◆ Work item
Copy exactly. Begin at the line containing "1 oz. Full Color" and stop at the last line of the entries, omitting any pictures.

◆ Exercise materials
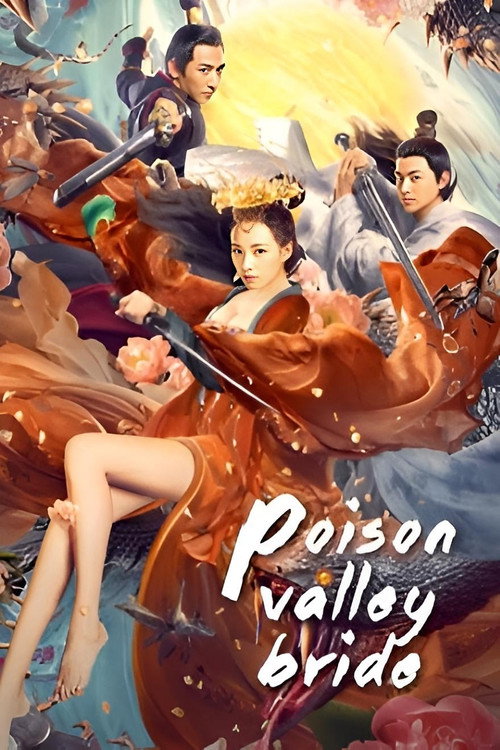 Yunxi: Poison Valley Bride Poster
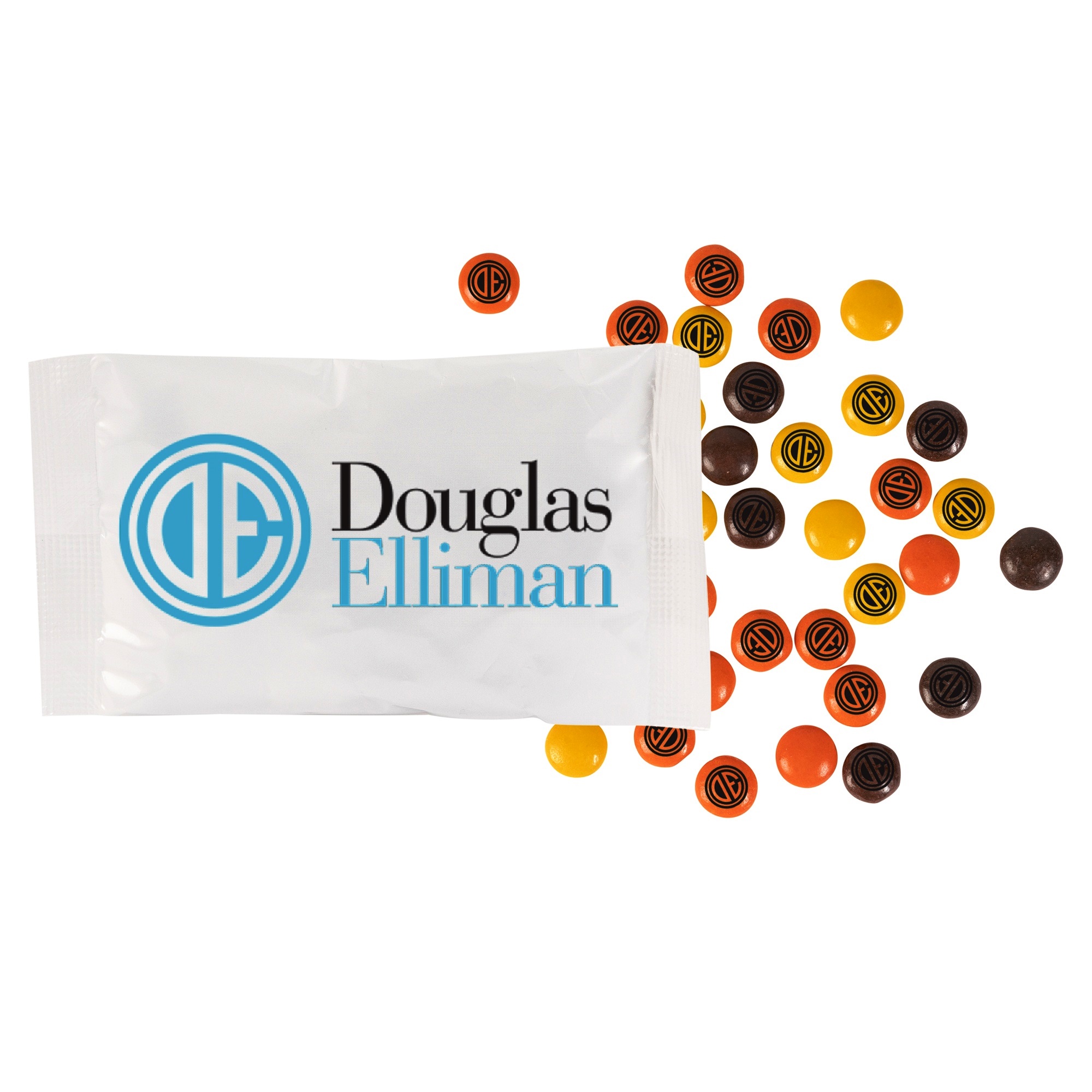 1 oz. Full Color DigiBag™ with Imprinted Reese's Pieces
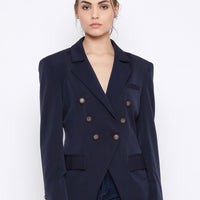 Double breasted Blazer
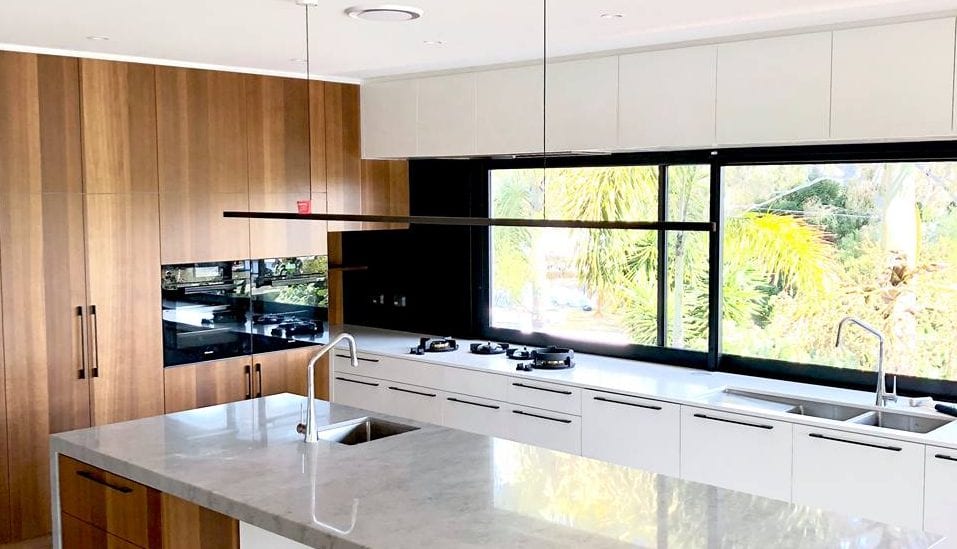 Image of Modern Kitchen | Featured Image For Why You Need a Professional Gas Fitter.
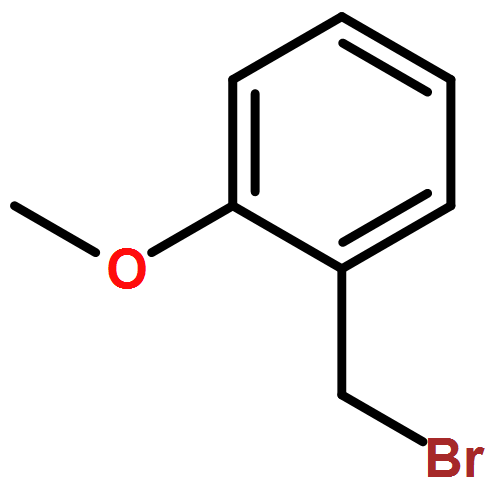 Benzene, 1-(bromomethyl)-2-methoxy-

◆ The completed task
 1 oz. Full Color DigiBag™ with Imprinted Reese's Pieces
 Double breasted Blazer
 Image of Modern Kitchen | Featured Image For Why You Need a Professional Gas Fitter.
 Benzene, 1-(bromomethyl)-2-methoxy-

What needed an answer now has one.